QM is "different" because the phases of amplitudes become are important,
leading to inaterference effects that have no classical counterpart. A
prime example is the Aharonoff-Boehm effect. Another is the interference
between the "strong interaction" phase shifts and the coulomb phases in
the scattering of charged particles. A third example, closer to "real
life" is the fact that particles passing through a pair of slits show
interference effects resulting from the different phases of ammplitudes
corresponding to different paths.
Regards,
Jack

Adam was by constitution and proclivity a scientist; I was the same, and
we loved to call ourselves by that great name...Our first memorable
scientific discovery was the law that water and like fluids run downhill,
not up.
Mark Twain, <Extract from Eve's Autobiography>

On Sun, 23 Apr 2000, John Denker wrote:

At 08:41 PM 4/23/00 -0400, TIMOTHY WAGNER wrote:

For example would one say..
"Students, you will have to learn a wave amplitude expression
quite different than
the one that models the surface of a ripple tank.

IMHO one should *not* say that.

There is a principle of pedagogy that says:
"learning proceeds from the known to the unknown."

In this case, there are two extreme possibilities:
a) We "could" whine about how different QM is from what has gone before:
-- we used to talk about true and false,
now we talk about probabilities
-- we used to talk about sin and cos,
now we talk about complex exponentials
b) Or we could arrange things so that QM does _not_ come as a big shock.
In a well-designed curriculum, we could say
-- you already know about probabilities.
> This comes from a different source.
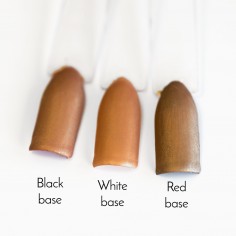 Satine pigment, Bronze 2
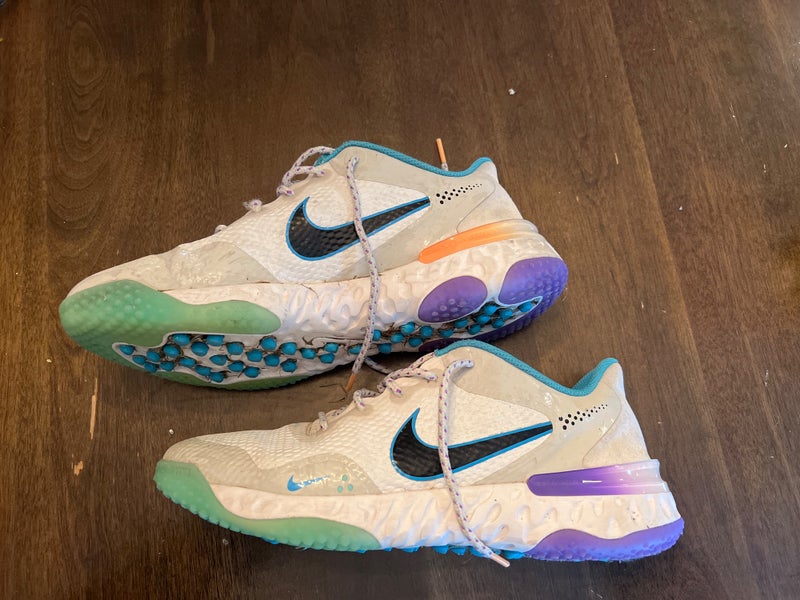 Nike Baseball alpha turf shoes | SidelineSwap | Buy and Sell on ...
QM uses probabilities.
-- you already know about waves. QM uses lots of waves.
-- you already know about matrices and operators. QM uses them.
-- you already know about complex numbers. QM uses them, too.
-- you already know that the energy of a wave goes like
the square of the amplitude. QM is like that, too.

I recommend item (b).

(OTOH it is possible to design a curriculum so badly that all the tools
that one needs to facilitate QM discussions are lacking at the time QM is
introduced. But let's not discuss how to salvage such a situation. The
correct strategy is to not get caught in such a situation.)

No longer will y=Acos(kx) suffice; rather a complex wave (no
picture)..etc..Later you'll see the practical reality"

This seems to be asking how best to tell students that QM waves are
weird. I really think the question is based on a false premise. QM waves
are not particularly weird. There are some weird things that go on in the
quantum world, but the wave equation isn't one of them. Really it's not.

IMHO any question that assumes that classical waves are somehow
qualitatively different from quantum waves is the wrong question. It would
be poor pedagogy to conjure up a pseudo-distinction where no real
distinction exists.

I realize the question has been asked twice, and I have twice refused to
answer it. It is possible that I didn't understand the question -- but it
is also possible that I did understand the question and I'm doing the right
thing by objecting to the implicit assumptions behind the question.

In particular, consider sunlight scattering off of white fluffy
clouds. ISTM that the quantum wave mechanics of this is for all practical
purposes identical to the classical electromagnetic wave mechanics of
this. Help me out here, folks. If you can think of any physical,
mathematical, or pedagogical reason for saying that the two descriptions
are different, please explain.